Excerpts from a dataset
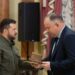 Лікар-нейрохірург з Дніпра отримав високу відзнаку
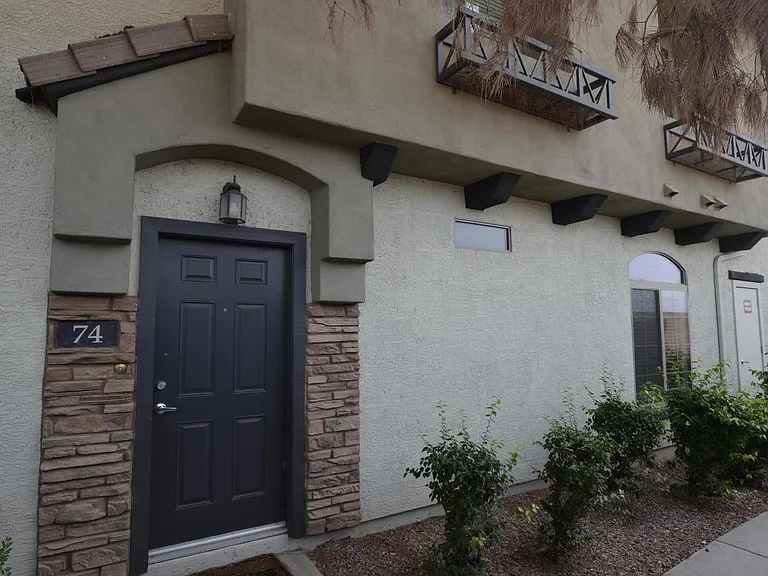 2727 N Price Rd #74 — Photo 1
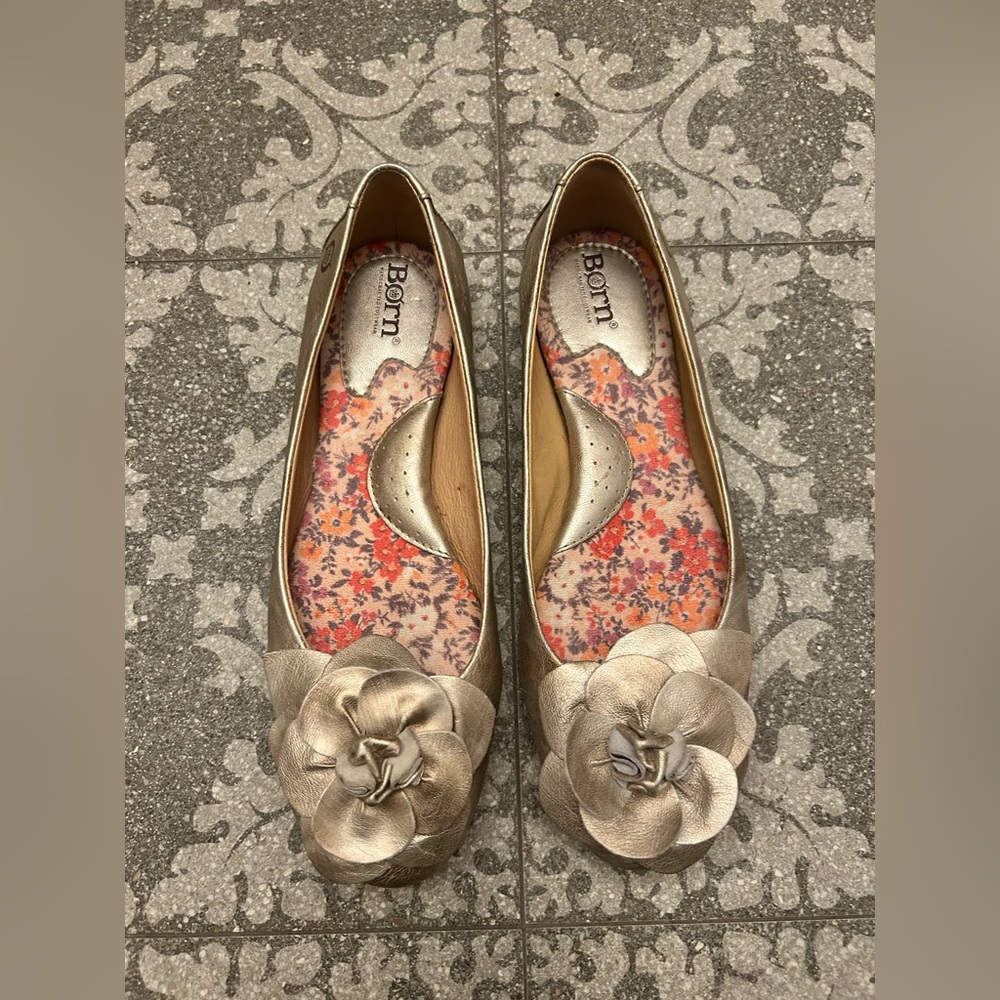 Y2K BOC Born Metallic Gold Leather Ballet Flats Shoes Flower Womens Size US 9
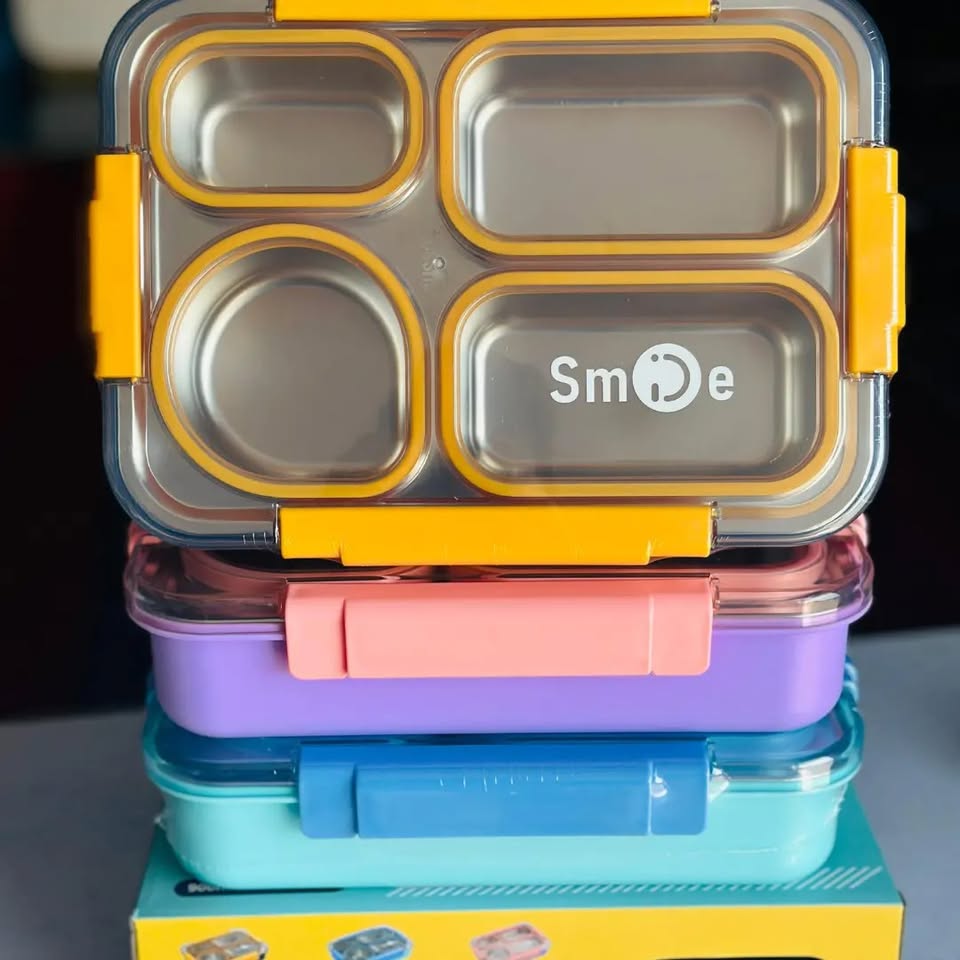 900ml Smile 4 Compartment Lunch Box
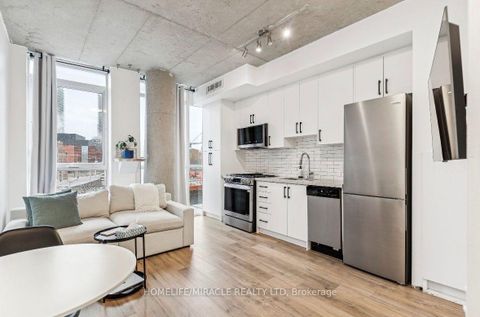 Photo 11 at 207 - 318 King Street E, Moss Park, Toronto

--- What is required ---
Every line from the one with "2727 N Price Rd #74 — Photo 1" to the end of the records above should be restated word for word, and no picture belongs in the copy.

--- Reply to the exercise ---
 2727 N Price Rd #74 — Photo 1
 Y2K BOC Born Metallic Gold Leather Ballet Flats Shoes Flower Womens Size US 9
 900ml Smile 4 Compartment Lunch Box
 Photo 11 at 207 - 318 King Street E, Moss Park, Toronto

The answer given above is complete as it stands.